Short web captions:

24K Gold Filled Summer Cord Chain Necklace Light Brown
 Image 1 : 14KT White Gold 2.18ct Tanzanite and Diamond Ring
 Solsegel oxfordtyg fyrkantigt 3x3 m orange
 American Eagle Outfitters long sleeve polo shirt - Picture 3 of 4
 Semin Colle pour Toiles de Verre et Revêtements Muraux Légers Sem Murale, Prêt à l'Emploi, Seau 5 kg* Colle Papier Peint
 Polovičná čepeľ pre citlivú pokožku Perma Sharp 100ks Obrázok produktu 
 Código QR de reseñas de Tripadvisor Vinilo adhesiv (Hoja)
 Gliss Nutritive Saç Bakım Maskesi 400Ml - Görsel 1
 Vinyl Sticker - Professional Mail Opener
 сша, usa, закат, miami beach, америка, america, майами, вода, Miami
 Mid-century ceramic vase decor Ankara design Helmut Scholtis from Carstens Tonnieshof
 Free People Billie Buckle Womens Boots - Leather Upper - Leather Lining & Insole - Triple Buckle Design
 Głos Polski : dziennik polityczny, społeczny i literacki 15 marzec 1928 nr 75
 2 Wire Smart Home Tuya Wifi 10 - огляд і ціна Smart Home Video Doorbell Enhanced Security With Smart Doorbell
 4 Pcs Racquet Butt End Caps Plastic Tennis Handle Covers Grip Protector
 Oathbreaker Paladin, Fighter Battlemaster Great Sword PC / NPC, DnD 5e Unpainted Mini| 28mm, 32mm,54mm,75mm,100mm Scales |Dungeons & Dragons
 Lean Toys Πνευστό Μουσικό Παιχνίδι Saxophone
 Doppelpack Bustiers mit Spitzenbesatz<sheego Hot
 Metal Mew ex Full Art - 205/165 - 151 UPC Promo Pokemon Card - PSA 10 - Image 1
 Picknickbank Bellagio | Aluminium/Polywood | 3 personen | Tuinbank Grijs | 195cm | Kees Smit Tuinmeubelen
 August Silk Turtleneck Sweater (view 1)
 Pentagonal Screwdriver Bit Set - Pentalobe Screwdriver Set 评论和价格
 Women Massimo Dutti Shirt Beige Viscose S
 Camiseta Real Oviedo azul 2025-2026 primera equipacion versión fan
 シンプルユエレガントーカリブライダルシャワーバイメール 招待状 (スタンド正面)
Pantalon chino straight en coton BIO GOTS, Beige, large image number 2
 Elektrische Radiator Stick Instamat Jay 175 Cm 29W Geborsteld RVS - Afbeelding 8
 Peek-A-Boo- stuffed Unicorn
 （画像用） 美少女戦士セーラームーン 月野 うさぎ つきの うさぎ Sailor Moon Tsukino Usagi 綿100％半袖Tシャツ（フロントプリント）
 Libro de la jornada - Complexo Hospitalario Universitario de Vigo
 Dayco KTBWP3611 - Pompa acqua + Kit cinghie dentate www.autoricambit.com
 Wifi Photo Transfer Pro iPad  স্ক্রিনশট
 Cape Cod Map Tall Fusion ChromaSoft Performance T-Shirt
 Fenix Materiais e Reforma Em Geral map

__Exercise__.
Report the lines above that contain "Beige".

__Reply__.
 Women Massimo Dutti Shirt Beige Viscose S
Pantalon chino straight en coton BIO GOTS, Beige, large image number 2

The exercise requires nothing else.